Work instructions | Return exactly the span of lines in the following data that opens with the line containing "(Photo by Angela Weiss / AFP)" and closes with the line containing "EVI Herrajes |". Include nothing else.

Items from a dataset:
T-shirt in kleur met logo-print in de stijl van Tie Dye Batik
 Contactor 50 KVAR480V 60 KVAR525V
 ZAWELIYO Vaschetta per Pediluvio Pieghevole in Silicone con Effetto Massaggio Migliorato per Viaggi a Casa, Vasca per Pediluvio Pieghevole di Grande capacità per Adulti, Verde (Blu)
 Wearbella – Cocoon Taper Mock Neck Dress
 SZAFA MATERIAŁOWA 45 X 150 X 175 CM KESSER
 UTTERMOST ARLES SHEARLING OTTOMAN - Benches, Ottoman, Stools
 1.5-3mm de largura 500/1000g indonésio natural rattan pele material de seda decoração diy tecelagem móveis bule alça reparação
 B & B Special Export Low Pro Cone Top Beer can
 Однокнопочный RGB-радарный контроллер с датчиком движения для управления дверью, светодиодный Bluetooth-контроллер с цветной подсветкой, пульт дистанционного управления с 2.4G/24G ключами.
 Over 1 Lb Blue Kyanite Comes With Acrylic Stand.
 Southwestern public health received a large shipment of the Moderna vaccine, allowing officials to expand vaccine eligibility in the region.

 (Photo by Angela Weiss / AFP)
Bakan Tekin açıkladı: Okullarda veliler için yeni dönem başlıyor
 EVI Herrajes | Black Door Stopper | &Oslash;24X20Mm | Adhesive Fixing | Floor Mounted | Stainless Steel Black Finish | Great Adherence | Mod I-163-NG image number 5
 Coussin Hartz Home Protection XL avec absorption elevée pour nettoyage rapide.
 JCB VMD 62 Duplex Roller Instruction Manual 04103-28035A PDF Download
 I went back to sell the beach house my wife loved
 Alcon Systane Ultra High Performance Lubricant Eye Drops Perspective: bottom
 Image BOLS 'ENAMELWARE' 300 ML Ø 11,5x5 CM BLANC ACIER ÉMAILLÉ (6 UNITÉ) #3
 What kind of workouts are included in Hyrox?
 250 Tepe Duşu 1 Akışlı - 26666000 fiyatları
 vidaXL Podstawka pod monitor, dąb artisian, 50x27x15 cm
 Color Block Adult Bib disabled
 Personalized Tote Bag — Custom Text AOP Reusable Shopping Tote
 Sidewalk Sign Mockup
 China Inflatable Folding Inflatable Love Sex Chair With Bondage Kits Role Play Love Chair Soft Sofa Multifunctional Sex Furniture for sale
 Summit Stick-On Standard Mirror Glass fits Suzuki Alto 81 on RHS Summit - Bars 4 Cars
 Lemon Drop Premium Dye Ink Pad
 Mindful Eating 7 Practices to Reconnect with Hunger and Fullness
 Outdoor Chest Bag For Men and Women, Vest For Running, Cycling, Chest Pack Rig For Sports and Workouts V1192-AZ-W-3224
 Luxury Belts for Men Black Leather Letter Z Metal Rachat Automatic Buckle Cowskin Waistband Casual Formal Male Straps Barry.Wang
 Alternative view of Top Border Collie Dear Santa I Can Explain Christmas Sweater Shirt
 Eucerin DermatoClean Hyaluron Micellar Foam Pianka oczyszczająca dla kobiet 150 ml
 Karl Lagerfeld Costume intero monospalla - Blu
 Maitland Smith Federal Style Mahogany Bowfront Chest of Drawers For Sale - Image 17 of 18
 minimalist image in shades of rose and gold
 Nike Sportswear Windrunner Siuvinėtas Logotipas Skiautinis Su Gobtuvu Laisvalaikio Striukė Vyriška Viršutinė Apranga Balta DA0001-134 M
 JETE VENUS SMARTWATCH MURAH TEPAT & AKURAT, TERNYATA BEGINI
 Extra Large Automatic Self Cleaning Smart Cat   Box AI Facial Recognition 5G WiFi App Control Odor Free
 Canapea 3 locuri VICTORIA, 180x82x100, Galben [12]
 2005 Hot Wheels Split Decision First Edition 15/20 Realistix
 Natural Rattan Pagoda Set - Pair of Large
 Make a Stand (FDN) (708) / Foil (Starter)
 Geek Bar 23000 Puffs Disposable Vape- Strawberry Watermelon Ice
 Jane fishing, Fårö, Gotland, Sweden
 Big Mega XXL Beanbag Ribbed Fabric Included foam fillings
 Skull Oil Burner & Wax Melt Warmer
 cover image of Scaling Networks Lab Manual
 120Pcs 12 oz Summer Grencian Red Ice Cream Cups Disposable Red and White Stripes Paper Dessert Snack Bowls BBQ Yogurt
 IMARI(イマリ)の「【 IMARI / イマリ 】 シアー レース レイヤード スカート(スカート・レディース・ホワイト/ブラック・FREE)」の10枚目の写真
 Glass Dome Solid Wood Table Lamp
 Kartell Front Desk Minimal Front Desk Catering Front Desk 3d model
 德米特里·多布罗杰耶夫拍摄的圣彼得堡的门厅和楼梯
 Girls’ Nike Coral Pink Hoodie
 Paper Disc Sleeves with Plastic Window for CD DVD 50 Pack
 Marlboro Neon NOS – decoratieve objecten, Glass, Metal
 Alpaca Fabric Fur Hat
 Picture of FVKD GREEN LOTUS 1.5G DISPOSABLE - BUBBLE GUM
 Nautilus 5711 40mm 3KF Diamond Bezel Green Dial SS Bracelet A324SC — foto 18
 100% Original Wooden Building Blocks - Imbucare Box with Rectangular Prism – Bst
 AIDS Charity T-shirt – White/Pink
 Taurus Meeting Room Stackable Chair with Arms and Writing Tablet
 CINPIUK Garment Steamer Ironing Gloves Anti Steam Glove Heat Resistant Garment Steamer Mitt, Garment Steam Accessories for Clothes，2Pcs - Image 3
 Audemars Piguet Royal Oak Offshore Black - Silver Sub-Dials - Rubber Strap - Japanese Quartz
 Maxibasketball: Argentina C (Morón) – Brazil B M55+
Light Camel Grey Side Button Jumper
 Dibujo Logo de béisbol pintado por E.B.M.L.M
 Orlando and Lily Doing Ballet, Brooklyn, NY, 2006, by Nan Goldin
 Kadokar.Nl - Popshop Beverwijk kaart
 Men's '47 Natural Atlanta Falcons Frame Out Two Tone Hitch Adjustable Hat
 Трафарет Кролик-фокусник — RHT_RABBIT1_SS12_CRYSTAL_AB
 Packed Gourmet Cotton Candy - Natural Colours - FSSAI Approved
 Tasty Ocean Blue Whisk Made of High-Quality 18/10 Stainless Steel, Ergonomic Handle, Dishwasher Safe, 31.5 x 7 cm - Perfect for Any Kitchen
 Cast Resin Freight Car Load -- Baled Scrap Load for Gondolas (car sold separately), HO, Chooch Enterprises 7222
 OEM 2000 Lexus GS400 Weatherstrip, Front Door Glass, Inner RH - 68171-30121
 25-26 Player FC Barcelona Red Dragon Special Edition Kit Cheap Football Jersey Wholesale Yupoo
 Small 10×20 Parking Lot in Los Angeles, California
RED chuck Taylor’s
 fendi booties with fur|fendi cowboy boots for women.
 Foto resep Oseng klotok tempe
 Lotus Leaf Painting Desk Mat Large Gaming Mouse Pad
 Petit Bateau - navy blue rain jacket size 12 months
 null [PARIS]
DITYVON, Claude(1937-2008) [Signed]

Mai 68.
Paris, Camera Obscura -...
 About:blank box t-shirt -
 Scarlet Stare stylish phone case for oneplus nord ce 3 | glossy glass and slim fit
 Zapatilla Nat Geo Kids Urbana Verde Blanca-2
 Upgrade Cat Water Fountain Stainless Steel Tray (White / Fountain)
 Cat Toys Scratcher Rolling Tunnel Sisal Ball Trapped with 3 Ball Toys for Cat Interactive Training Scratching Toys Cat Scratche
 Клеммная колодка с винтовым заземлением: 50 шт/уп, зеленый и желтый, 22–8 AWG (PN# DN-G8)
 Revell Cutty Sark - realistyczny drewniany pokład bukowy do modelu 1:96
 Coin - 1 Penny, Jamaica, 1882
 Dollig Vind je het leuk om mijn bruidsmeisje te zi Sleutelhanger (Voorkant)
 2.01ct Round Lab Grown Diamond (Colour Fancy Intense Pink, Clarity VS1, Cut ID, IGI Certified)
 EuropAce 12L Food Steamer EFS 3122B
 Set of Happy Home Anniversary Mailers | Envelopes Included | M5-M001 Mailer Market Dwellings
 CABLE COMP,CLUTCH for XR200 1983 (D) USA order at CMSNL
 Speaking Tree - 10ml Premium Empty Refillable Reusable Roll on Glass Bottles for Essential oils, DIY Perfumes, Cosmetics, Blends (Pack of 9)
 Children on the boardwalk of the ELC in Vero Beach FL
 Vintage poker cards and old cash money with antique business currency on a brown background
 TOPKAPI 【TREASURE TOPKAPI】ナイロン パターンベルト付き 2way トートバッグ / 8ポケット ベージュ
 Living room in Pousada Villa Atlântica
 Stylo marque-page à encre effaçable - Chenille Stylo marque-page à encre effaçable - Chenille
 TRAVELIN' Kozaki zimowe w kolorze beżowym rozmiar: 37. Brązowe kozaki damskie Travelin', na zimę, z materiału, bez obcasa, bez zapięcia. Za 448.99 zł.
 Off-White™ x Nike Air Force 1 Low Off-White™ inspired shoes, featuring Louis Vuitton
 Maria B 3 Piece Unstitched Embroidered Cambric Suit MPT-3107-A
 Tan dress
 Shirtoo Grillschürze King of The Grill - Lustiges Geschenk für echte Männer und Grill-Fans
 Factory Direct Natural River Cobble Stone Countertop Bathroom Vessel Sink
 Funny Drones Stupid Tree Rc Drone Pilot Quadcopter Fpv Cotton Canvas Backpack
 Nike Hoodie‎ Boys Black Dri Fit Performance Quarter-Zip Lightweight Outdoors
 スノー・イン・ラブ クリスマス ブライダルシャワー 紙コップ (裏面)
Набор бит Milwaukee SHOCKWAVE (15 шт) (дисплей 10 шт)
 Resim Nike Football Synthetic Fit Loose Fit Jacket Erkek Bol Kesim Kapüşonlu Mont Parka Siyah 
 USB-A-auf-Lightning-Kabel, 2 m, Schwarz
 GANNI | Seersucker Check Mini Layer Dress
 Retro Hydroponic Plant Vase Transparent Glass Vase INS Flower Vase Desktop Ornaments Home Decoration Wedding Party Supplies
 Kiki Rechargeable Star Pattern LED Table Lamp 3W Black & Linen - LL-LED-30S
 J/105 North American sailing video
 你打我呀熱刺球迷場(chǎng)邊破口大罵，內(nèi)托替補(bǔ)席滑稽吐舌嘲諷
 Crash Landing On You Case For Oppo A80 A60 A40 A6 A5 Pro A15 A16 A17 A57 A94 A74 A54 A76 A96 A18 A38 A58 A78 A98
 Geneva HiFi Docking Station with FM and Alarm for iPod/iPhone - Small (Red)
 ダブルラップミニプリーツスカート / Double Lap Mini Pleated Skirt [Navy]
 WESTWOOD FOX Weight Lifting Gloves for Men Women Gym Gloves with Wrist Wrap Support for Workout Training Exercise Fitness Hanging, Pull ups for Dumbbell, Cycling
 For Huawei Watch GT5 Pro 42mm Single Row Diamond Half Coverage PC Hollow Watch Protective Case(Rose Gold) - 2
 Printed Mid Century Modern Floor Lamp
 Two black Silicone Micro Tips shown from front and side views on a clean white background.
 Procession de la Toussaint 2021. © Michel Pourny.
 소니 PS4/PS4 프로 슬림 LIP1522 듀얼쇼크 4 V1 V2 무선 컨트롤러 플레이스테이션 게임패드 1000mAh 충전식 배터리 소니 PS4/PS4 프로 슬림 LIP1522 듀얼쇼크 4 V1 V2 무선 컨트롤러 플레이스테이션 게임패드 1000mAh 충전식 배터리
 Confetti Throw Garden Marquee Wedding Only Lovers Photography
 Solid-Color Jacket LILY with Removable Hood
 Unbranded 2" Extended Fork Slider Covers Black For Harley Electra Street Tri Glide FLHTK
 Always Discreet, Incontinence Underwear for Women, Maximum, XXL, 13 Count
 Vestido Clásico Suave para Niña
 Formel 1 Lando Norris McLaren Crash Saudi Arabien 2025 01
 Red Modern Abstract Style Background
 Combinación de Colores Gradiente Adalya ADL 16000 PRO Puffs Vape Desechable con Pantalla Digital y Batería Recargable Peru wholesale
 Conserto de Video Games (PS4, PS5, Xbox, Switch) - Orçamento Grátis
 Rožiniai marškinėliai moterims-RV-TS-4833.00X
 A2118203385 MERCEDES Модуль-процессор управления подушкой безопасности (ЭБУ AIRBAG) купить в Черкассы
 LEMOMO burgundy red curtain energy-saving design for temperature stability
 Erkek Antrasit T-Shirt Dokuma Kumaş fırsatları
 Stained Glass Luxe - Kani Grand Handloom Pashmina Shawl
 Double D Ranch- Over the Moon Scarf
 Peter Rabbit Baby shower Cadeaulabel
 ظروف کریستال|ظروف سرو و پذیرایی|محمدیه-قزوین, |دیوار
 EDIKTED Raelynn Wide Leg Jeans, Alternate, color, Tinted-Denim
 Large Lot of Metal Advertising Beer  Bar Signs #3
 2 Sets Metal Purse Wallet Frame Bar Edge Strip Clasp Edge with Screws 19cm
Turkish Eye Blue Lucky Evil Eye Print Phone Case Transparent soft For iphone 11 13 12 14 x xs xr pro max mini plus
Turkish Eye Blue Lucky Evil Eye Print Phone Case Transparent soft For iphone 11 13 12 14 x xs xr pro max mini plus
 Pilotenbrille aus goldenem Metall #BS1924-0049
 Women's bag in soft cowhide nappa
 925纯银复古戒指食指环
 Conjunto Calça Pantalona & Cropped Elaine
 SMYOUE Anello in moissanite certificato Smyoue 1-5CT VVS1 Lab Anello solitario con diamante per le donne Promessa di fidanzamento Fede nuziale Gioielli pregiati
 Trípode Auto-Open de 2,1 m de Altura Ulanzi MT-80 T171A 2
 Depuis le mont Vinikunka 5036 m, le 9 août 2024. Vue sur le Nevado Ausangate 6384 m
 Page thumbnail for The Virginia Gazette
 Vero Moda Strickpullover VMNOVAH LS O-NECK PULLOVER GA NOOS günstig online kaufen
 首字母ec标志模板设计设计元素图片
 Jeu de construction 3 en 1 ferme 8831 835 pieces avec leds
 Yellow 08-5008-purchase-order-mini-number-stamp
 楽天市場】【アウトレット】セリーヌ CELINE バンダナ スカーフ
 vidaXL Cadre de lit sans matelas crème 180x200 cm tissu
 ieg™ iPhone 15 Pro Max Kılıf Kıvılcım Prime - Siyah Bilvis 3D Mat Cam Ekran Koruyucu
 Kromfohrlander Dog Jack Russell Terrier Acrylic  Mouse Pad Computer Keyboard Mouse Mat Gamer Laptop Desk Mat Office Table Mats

Problem solution |
 (Photo by Angela Weiss / AFP)
Bakan Tekin açıkladı: Okullarda veliler için yeni dönem başlıyor
 EVI Herrajes | Black Door Stopper | &Oslash;24X20Mm | Adhesive Fixing | Floor Mounted | Stainless Steel Black Finish | Great Adherence | Mod I-163-NG image number 5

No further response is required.